Schon als Kind habe sie sich für Tanz begeistert.

Mit seiner spirituellen Ausdrucksform kam sie im afrikanischen Kongo in Berührung, wo die Pfarrerin sechs Jahre tätig war. "Dort sind die Gottesdienste sehr lebendig, die ganze Gemeinde bewegt sich", erinnert sich Schnütgen.

Zurück in Deutschland hat sie sich auf die Suche gemacht, wie Tanz bei uns Gottesdienste und den Glauben bereichern kann. Als Vorsitzende des Vereins der Christlichen Arbeitsgemeinschaft Tanz leistet Schnütgen heute einen Beitrag, um das Anliegen bekannter zu machen.

In der Gemeinde St. Johannes in Regensburg organisierte sie schon zwei getanzte Gottesdienste. Der dritte musste dann wegen der Corona-Pandemie ausfallen, die Reihe soll aber fortgesetzt werden.

Die Bandbreite der Angebote des EBW ist groß.

Es gibt meditative Tänze, kreative Ausdruckstänze und Tänze, bei denen biblische und religiöse Aussagen im Zentrum stehen und quasi Tanz zum Gebet wird. "Real waren die Workshops immer sehr gefragt und schnell ausgebucht", sagt Schnütgen. Manche Teilnehmer seien mehrere hundert Kilometer gereist, um dabei zu sein.

Als die Corona-Beschränkungen kamen, wurde Schnütgen in ein neues Fahrwasser geworfen. "Wir mussten uns online aufstellen." Zunächst war sie unsicher, ob Tanz sich ins Internet verlegen lassen würde. "Im Tanz geht es sehr stark um körperliche und geistige Präsenz. Wenn man real gemeinsam tanzt, hat man sich gegenseitig im Blick", erklärt sie. "Man berührt sich immer wieder."
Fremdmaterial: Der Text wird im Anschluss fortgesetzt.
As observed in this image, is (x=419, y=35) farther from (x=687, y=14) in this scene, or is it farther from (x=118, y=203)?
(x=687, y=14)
Online sei das anders. Man wisse zwar, dass die anderen da seien und man sei durch die gleichen Tanzschritte verbunden, aber die Präsenz der anderen bleibt ein vages Gefühl oder ein Gedanke. Einen Vorteil gebe es darin: Allein sei man weniger abgelenkt.

"Spiritueller Tanz ist ein wertvolles Mittel, um Gefühle auszudrücken und sich selbst zur Ruhe zu bringen", erklärt die Pfarrerin.

Es geht um "runter kommen", bei sich sein und stark im gegenwärtigen Augenblick leben. "Man tut sich beim Tanzen etwas Gutes und erlebt sich selber als lebendig." Das sei auch online möglich und zum Teil sogar durch die erhöhte Konzentration intensiver als beim Tanzen in der Gruppe, erklärt sie die Vorteile des Online-Angebots.

Ein Schnupperseminar wurde gut angenommen.

Acht Leute trafen sich im virtuellen Raum, um gemeinsam zu tanzen. Aktuell läuft ein Tanzdialog mit der Tanzpädagogin Barbara Schulte-Büttner, bei dem griechische und Roma-Tänze im Mittelpunkt stehen. "Es sind überlieferte Tanzschritte, die relativ einfach zu lernen sind", erklärt Schnütgen.

Reale Tanzworkshops plant das EBW frühestens wieder im Herbst. Für Schnütgen ist es denkbar, dass das EBW Tanzangebote künftig regelmäßig online vorhält. "Gerade der freie Ausdruckstanz ist dafür gut geeignet", sagt sie. Von Vorteil sei, dass Menschen aus ganz unterschiedlichen Regionen das Angebot nutzen und dabei sein können.